I really don’t know if the Yogi Bear trail in Truckee can really be considered “secret” anymore but the locals are doing their best to obscure anyone new from finding it (like me). (Helpful hint locals: it also helps to remove the maps and GPX tracks available online if one uses Google.) So yeah, I found it really easily because someone posted it on their Map my Ride page. I don’t think I would’ve found it otherwise as I didn’t have any locals in tow.
The ride I did was about 16 miles that started with a nice mellow dirt road climb and ended with a raging singletrack downhill all the way back to the car. It was a pretty well thought-out trail that I’m learning is very “Norcal” in it’s style…strategically placed trail alignment to take advantage of the rounded granite rocks to ride and jump, custom berms on most of the turns, some nice features all in all and a lookout towards the top complete with a stickered ‘bivy box’ that has a few snacks in it if you’re bonking and want to sign the roster. This trail had a full-on locals feel – something that I’m not but kinda wish I was. I felt like I could’ve been in my old homeland of Ned but I dare say this trail topped most anything there. Hours upon hours of work has gone into this sweet trail, I was very impressed.
“Stickman” on Yogi Bear is not to keep out fellow MTBers. The Tahoe moto crowd is really sh*tty and does not respect MTB trails. If they are JRA and see a track, they tear the snot out of it.
That’s why it’s local custom to pick up your bike and carry it across road intersections, rather than riding across.
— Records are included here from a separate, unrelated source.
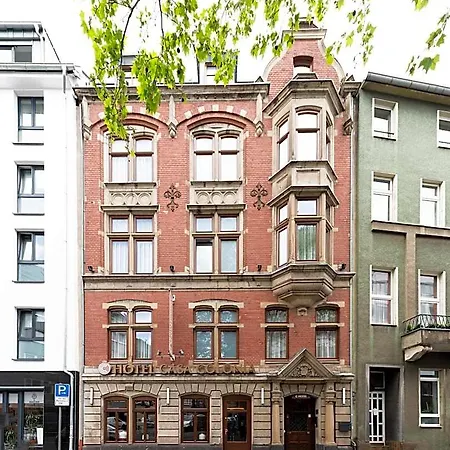Casa 3*
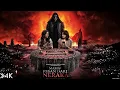 Download Lagu Mama Pesan Dari Neraka Full Movie (2025) Watch Now Horror Mystery Film  Emotional Review \u0026 Facts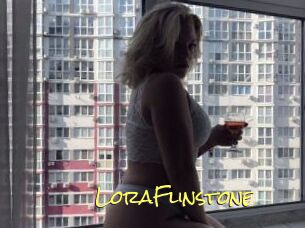 LoraFlinstone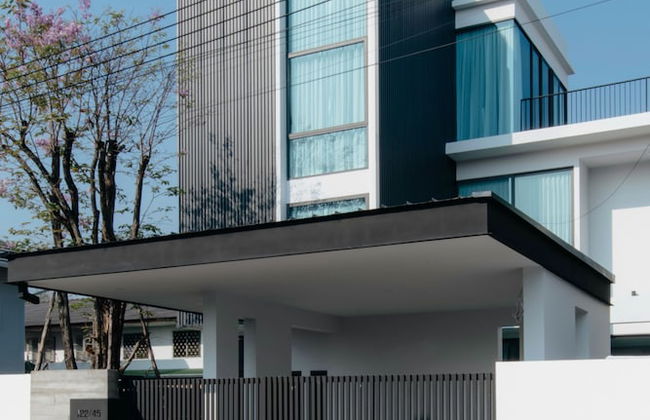 Terra da Luz Villa Hotel - Foto 66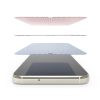 Samsung Galaxy S23 Plus Ringke TG 2x kijelzővédő üvegfólia-8809919301732 6 kép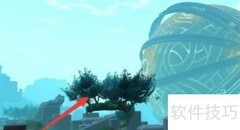 魔兽世界9.2飞行解锁方法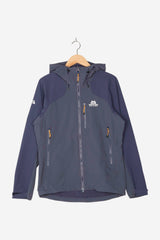 Softshelljacke für Damen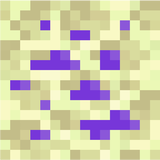 end_stone_poolium_ore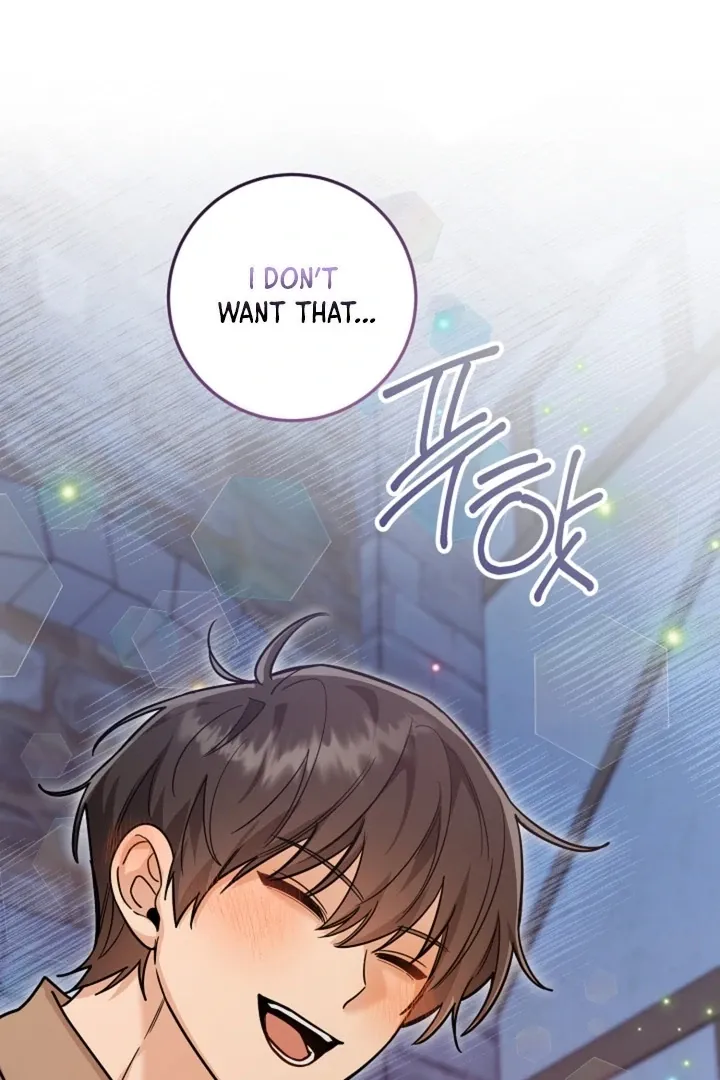My Pet Rat is an S-Class Awakener Chapter 19 page 107 - 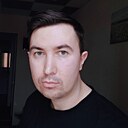 Денис, 33 года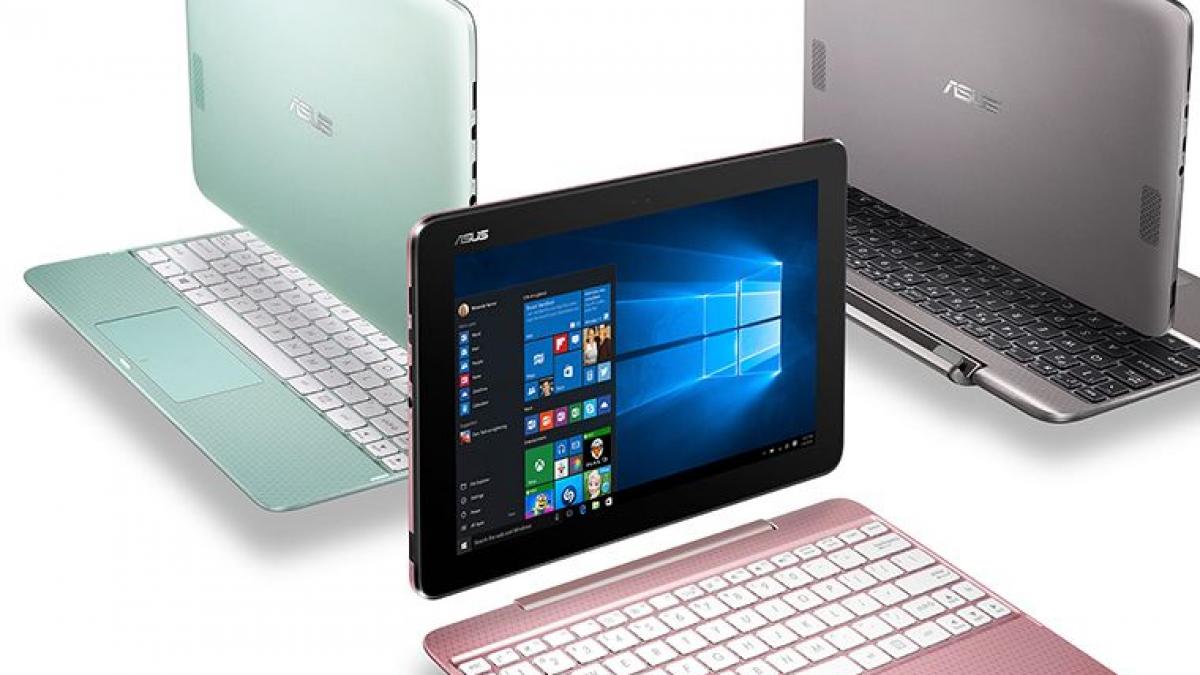 emag top 7 laptopuri cu windows care costa sub 1 200 de lei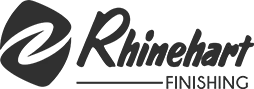 Rhinehart Finishing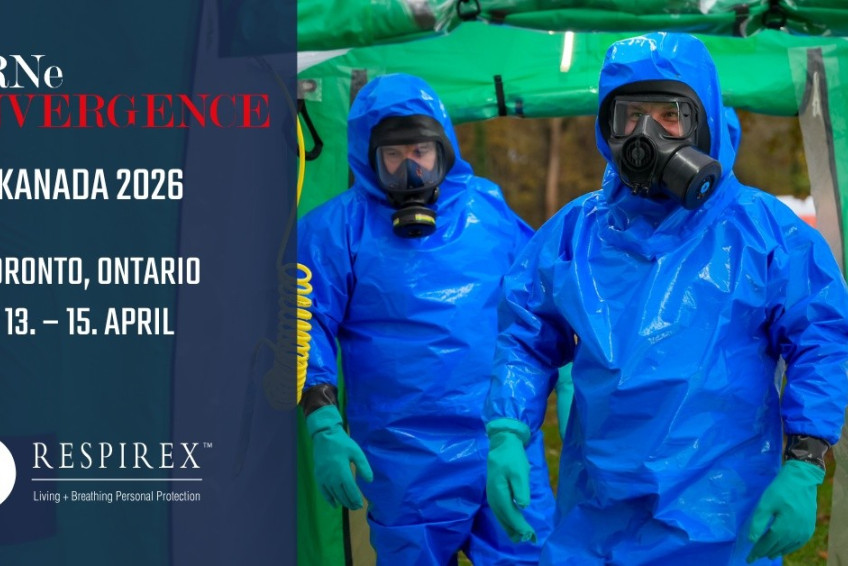 DE CBRNE Convergence Canada 2026 Respirex.jpg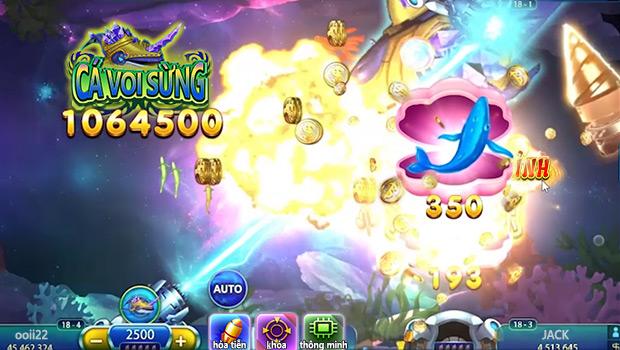 Khám phá yukon gold casino online uy tín và bí quyết chiến thắng tại yukon gold casino online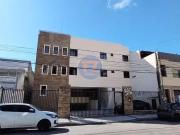 Apartamento para Locação em Fortaleza/CE Centro 1 Quartos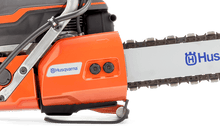 Load image into Gallery viewer, Husqvarna K970III CHAIN (2-BOLT) - 967660501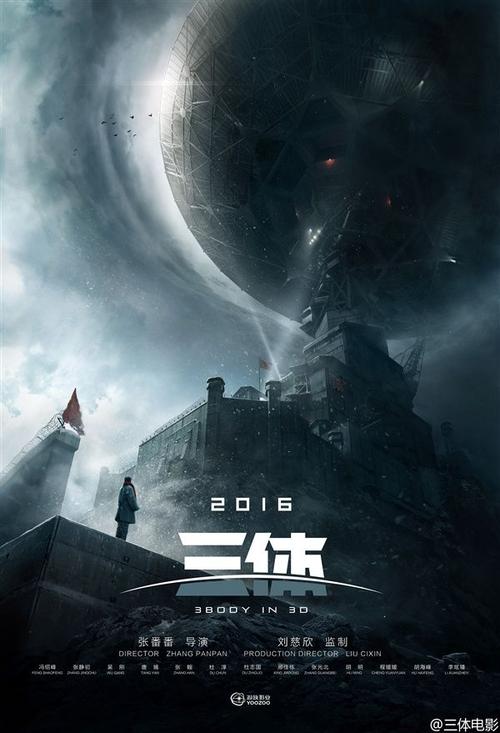 阿姆斯特丹大学物理学文凭证书
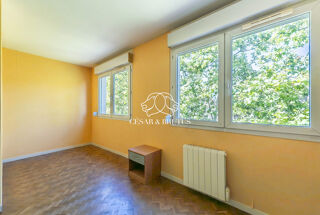  Appartement à vendre 1 pièce 25 m²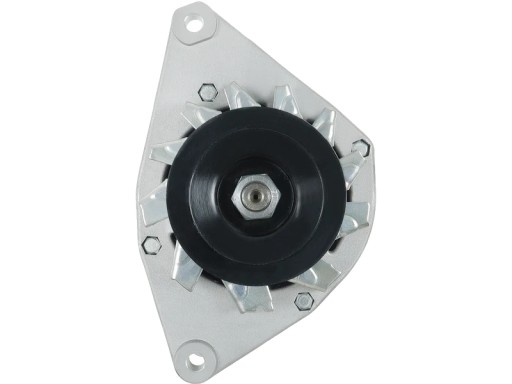 A9571S - Новий генератор as-pl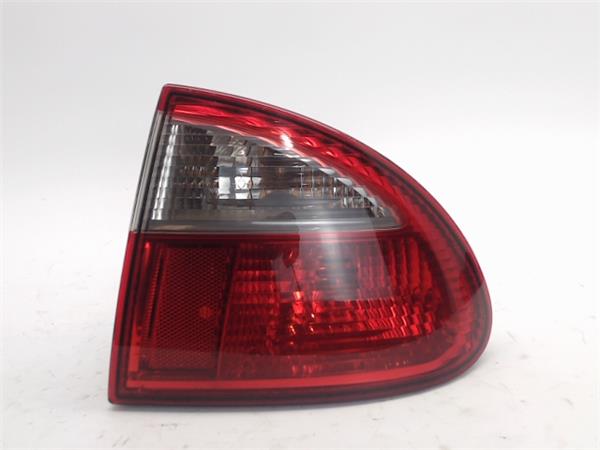 SEAT Leon 1 generation (1999-2005) Rear Right Taillight Lamp 1M6945096A, 45209DY2 19562696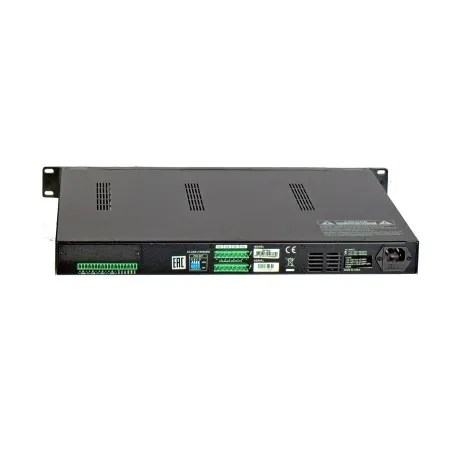 INVOTONE DV150.4 INVOTONE DV150.4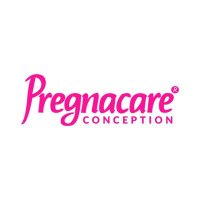Pregnacare Conception Ng (@pregnacareng) 's Twitter Profile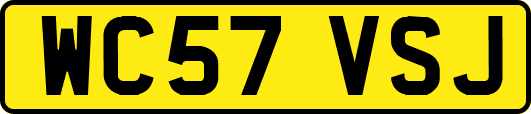 WC57VSJ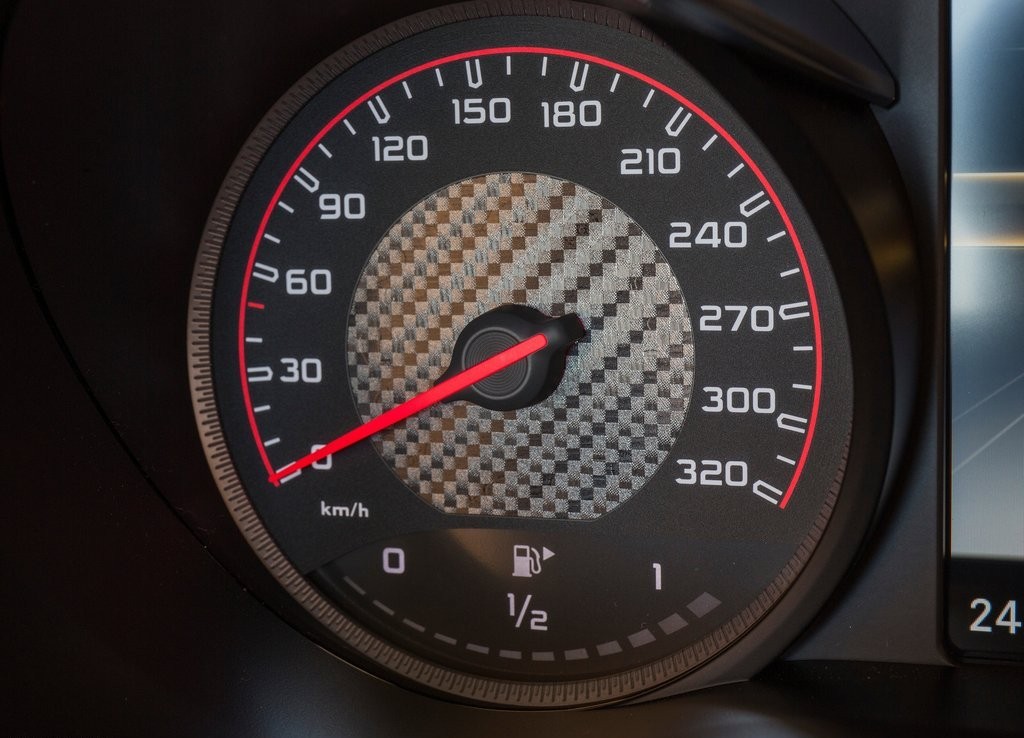 2017 - MERCEDES-AMG C 63 CABRIOLET, foto 107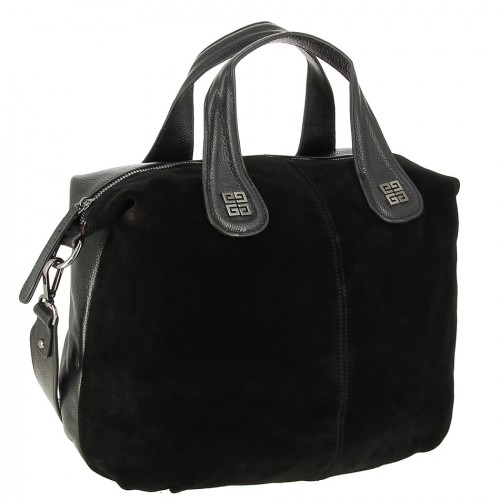 ���� �� 16.11. ���� � ������! ������� ����� �������, ����� �������, �������, ��������, ��������� ����� ��������� �������, ��������, ���������, ����� �������. ����� 71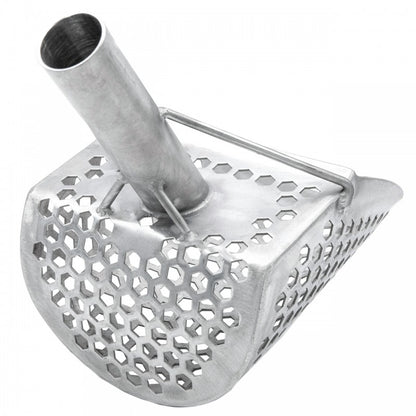 CKG 9x6 Sand Scoop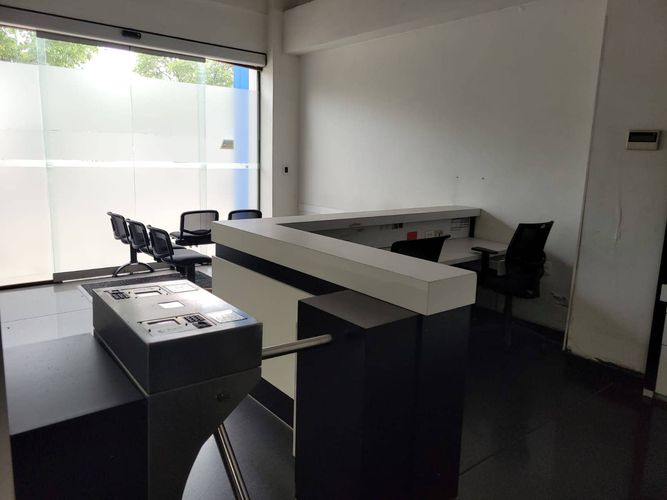 Edificio en  Venta en Prados del norte, Cali - Miniatura 5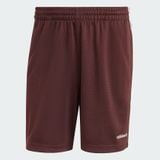 Quần Short Nam Bóng Đá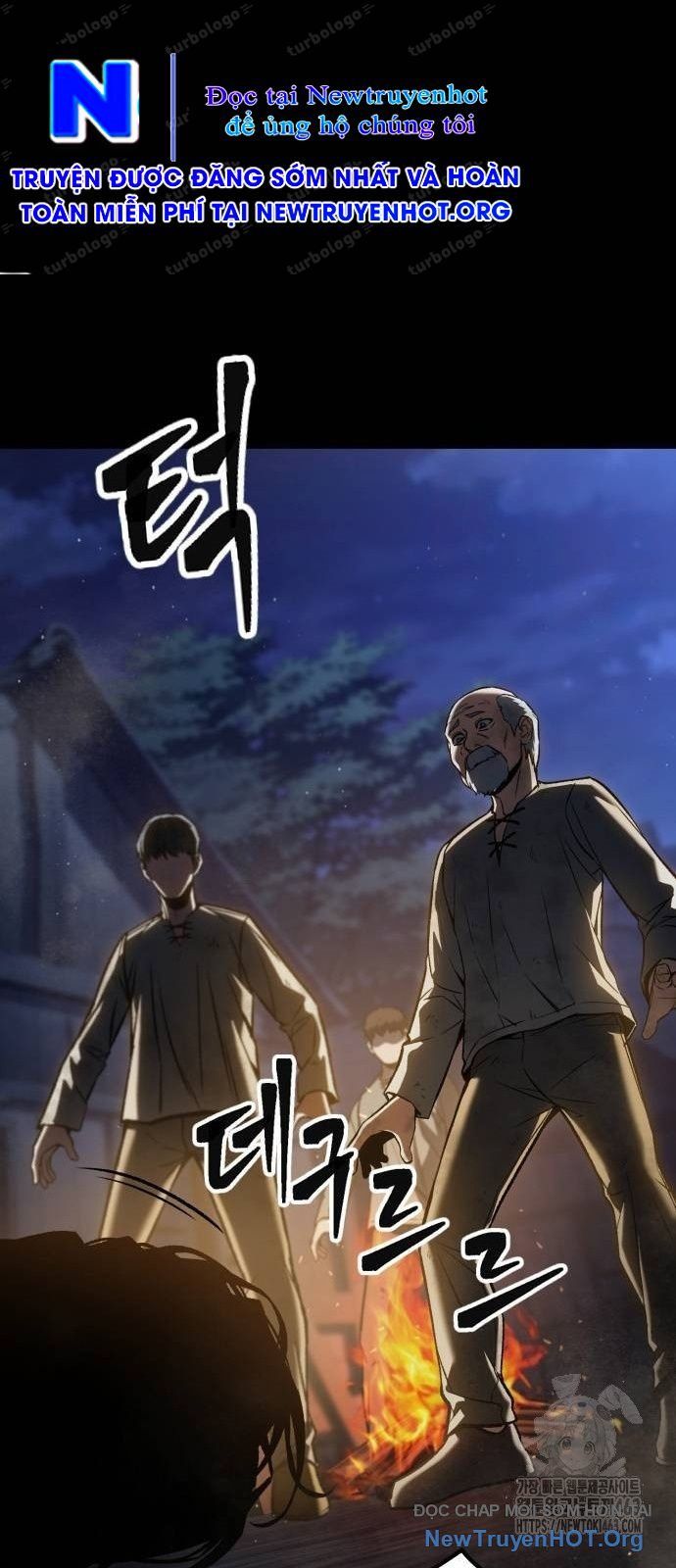 Anh Hùng Dẹp Loạn Chapter 21 - 85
Whatever: thanks, I get it. That tactic is used frequently almost everywhere where trails cross private land or are just illegally built, including where I lived for many years. Motos were definitely one of the main reasons, but also non locals so the trails didn’t get discovered by the masses and then too used and abused. It’s not too surprising how many moto guys are also MTBers so it’s all kinda in vain especially with Strava and such.